## DATASET CONTENT
-- Opening Marker --
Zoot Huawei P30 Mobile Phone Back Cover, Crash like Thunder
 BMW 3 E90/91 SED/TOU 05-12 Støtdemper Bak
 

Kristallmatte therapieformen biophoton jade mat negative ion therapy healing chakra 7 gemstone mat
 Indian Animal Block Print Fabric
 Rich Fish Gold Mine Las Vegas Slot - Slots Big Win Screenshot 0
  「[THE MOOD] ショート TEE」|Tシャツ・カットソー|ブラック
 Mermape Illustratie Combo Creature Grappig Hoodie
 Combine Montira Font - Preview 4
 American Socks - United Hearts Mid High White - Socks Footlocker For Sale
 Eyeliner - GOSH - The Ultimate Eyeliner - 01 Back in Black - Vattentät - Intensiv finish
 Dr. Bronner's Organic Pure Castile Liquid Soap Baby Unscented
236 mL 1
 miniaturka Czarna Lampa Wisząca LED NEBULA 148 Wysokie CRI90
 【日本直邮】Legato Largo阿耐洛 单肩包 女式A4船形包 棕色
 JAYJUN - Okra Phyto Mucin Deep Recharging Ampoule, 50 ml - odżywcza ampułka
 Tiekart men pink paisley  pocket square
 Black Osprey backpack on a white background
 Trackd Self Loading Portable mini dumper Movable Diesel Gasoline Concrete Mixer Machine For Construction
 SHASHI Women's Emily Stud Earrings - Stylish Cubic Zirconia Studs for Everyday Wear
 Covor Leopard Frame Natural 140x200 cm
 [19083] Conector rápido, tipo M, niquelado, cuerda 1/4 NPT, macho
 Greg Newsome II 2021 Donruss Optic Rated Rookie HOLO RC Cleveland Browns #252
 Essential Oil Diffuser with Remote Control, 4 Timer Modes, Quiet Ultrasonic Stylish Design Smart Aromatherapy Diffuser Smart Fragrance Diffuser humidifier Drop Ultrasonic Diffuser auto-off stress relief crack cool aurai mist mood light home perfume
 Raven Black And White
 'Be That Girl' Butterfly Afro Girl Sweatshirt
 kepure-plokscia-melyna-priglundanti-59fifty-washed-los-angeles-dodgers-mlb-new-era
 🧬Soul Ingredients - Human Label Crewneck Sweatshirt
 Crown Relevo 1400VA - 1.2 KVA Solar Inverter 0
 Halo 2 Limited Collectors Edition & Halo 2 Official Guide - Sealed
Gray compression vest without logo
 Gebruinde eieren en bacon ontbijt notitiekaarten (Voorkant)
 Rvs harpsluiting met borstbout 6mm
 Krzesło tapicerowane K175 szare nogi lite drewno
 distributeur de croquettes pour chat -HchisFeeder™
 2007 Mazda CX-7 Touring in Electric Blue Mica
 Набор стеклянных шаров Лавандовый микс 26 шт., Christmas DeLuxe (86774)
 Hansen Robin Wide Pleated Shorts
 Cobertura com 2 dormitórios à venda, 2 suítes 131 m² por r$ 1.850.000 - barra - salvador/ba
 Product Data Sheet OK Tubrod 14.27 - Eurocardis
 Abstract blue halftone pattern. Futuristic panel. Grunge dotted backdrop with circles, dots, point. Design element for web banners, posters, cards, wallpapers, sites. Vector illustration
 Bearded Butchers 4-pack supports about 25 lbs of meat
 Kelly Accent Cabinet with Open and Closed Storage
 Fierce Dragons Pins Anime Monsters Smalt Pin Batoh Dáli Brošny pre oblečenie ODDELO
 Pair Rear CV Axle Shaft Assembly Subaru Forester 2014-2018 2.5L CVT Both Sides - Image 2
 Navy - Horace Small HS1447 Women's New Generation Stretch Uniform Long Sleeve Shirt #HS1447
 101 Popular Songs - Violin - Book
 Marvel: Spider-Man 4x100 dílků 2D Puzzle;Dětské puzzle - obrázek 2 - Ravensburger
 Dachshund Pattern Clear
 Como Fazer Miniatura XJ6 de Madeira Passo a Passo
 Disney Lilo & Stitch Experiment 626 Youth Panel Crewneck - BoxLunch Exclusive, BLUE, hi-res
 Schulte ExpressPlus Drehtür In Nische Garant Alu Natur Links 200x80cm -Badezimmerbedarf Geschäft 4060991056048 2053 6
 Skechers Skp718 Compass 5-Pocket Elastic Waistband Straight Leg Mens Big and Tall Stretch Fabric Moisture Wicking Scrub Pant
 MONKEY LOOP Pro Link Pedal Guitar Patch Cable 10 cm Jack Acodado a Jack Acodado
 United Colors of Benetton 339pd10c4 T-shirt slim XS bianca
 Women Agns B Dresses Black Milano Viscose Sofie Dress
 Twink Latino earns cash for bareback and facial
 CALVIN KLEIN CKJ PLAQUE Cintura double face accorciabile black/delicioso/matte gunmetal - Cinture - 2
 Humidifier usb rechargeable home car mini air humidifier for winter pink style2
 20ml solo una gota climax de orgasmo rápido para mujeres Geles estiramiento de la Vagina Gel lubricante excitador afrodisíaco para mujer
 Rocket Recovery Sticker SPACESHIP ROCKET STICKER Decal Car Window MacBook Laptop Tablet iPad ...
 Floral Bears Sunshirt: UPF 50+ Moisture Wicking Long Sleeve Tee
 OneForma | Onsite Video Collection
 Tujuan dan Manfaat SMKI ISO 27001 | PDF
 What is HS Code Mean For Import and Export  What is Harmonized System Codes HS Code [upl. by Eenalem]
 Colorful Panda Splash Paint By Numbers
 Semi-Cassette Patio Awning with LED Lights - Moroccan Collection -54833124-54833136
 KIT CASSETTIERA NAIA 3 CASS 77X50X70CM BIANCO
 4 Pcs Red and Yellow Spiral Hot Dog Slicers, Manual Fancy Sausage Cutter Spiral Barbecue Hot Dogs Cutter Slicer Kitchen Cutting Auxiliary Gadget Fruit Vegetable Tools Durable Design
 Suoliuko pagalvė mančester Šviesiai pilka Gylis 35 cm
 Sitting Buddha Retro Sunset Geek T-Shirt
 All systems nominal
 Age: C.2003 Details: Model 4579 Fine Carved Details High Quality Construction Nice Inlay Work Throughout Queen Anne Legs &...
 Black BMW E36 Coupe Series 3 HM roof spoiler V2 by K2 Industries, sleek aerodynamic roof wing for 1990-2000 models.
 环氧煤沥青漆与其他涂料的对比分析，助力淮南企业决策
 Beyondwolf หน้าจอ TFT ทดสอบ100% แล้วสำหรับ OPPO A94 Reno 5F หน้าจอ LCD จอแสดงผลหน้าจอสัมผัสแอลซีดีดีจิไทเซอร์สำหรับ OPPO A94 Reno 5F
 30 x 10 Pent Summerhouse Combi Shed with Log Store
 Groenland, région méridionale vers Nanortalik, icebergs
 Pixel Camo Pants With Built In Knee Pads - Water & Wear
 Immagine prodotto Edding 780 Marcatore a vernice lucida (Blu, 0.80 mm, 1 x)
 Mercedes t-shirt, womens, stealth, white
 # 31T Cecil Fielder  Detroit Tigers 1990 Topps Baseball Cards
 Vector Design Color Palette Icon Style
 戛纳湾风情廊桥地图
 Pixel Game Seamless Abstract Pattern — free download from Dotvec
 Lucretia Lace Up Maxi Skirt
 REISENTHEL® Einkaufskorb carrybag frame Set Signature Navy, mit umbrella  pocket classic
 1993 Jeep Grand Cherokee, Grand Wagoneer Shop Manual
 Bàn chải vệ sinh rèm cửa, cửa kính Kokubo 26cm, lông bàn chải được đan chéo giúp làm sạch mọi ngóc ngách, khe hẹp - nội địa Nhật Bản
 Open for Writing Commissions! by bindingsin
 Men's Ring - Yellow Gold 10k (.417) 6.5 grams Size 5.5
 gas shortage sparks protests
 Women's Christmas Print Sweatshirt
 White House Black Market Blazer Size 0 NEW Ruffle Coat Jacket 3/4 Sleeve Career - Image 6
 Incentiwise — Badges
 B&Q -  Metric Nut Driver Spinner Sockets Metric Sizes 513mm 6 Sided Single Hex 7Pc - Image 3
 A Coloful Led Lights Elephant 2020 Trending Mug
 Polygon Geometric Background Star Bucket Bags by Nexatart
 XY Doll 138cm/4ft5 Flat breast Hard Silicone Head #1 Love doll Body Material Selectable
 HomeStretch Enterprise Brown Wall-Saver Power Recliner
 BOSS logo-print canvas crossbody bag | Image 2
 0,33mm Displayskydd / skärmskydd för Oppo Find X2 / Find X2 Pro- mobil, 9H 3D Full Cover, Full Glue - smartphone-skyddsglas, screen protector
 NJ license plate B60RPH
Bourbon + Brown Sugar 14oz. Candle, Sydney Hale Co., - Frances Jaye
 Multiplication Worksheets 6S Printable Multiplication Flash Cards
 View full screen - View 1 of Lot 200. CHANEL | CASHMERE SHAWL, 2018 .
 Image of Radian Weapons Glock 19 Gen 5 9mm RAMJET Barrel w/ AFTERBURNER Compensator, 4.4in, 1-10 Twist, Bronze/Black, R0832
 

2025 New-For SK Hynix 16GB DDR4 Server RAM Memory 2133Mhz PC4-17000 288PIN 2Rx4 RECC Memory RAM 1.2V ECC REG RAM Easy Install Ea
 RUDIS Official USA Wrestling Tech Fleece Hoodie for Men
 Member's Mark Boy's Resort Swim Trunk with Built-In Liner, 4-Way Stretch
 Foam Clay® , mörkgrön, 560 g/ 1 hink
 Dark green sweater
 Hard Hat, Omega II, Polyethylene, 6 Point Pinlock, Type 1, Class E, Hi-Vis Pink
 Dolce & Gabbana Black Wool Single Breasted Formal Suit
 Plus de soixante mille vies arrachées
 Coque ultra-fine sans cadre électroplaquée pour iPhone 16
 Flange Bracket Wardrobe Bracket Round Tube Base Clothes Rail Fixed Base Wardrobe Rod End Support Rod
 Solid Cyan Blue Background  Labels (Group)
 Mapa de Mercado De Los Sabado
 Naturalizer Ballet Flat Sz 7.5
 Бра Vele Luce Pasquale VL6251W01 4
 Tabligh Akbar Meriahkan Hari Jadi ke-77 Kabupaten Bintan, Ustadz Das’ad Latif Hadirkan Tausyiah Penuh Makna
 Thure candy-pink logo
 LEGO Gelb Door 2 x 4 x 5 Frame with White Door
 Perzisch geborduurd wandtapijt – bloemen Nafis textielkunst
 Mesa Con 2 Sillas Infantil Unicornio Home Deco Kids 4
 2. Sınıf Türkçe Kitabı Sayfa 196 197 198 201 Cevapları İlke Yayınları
-- Closing Marker --
## PROBLEM
When the string "logo" appears in a line of the records above, that line is to be copied.

## COMPLETED TASK
Gray compression vest without logo
 BOSS logo-print canvas crossbody bag | Image 2
 Thure candy-pink logo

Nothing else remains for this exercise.